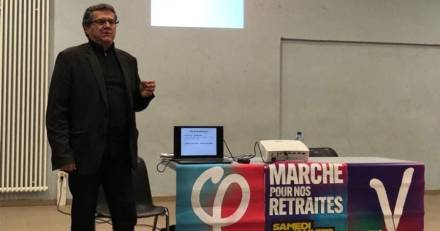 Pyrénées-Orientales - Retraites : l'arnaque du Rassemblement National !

==

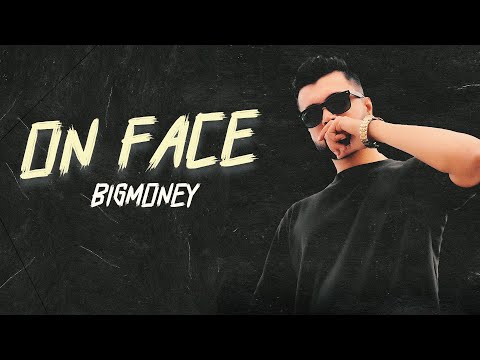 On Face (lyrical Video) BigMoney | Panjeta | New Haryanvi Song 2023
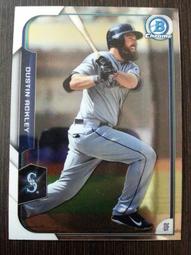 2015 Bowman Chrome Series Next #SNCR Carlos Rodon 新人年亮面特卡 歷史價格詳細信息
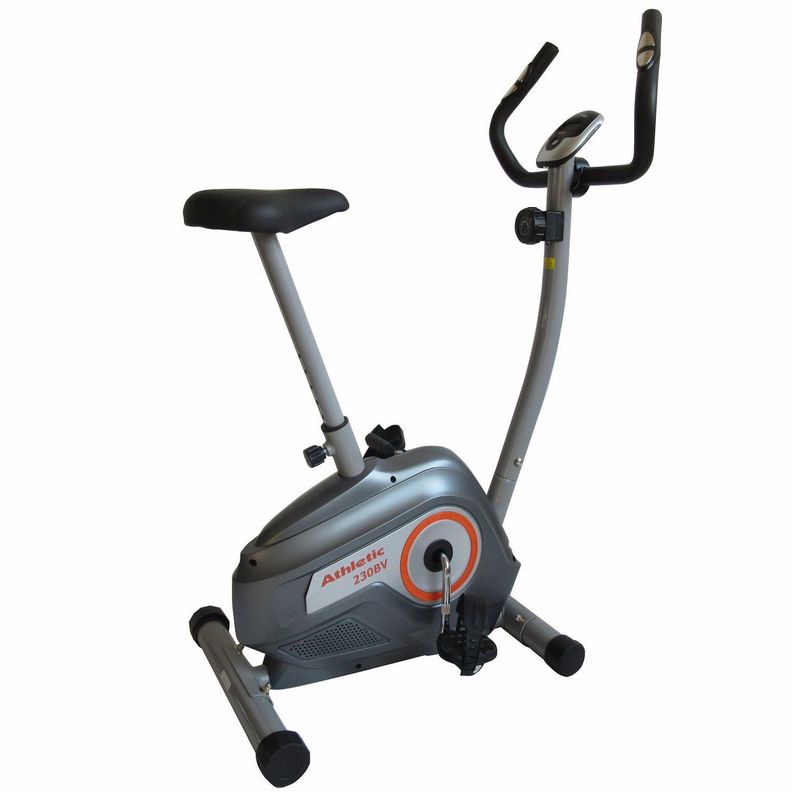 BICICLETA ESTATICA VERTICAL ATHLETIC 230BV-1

--

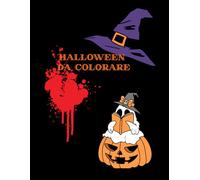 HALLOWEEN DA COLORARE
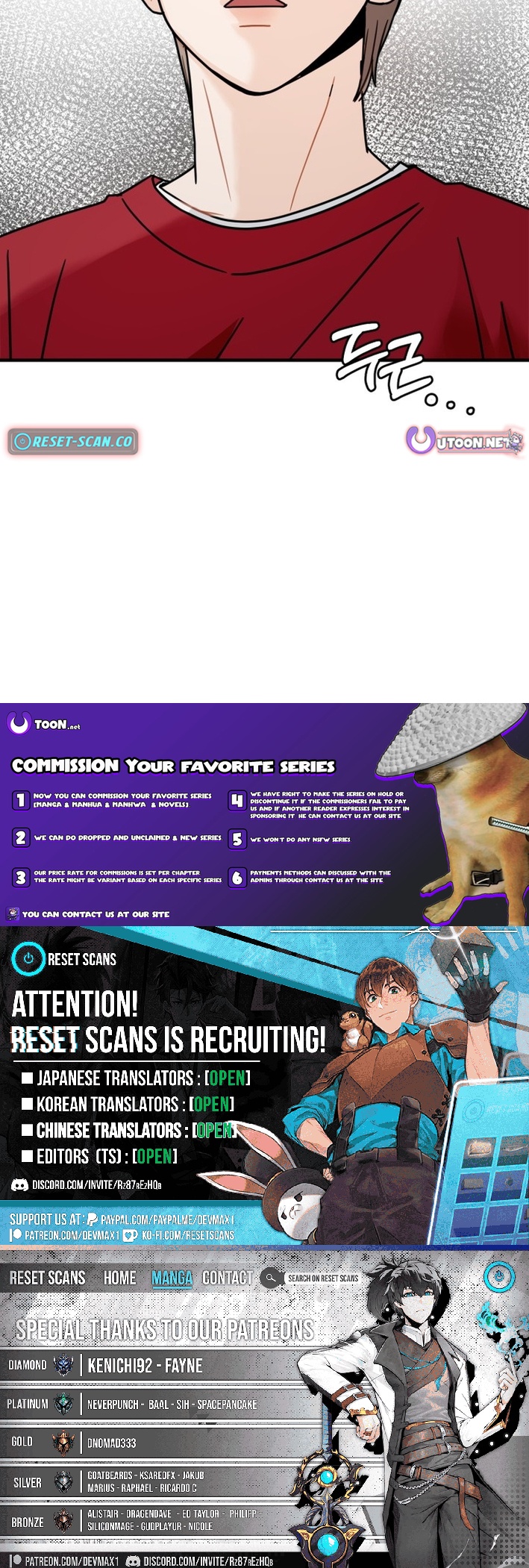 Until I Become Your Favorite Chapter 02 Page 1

Work order. I'd like the lines above repeated exactly, from the one that contains "HALLOWEEN DA COLORARE" through the one that contains "Until I Become", with no pictures.

Solution to the problem.
 HALLOWEEN DA COLORARE
 Until I Become Your Favorite Chapter 02 Page 1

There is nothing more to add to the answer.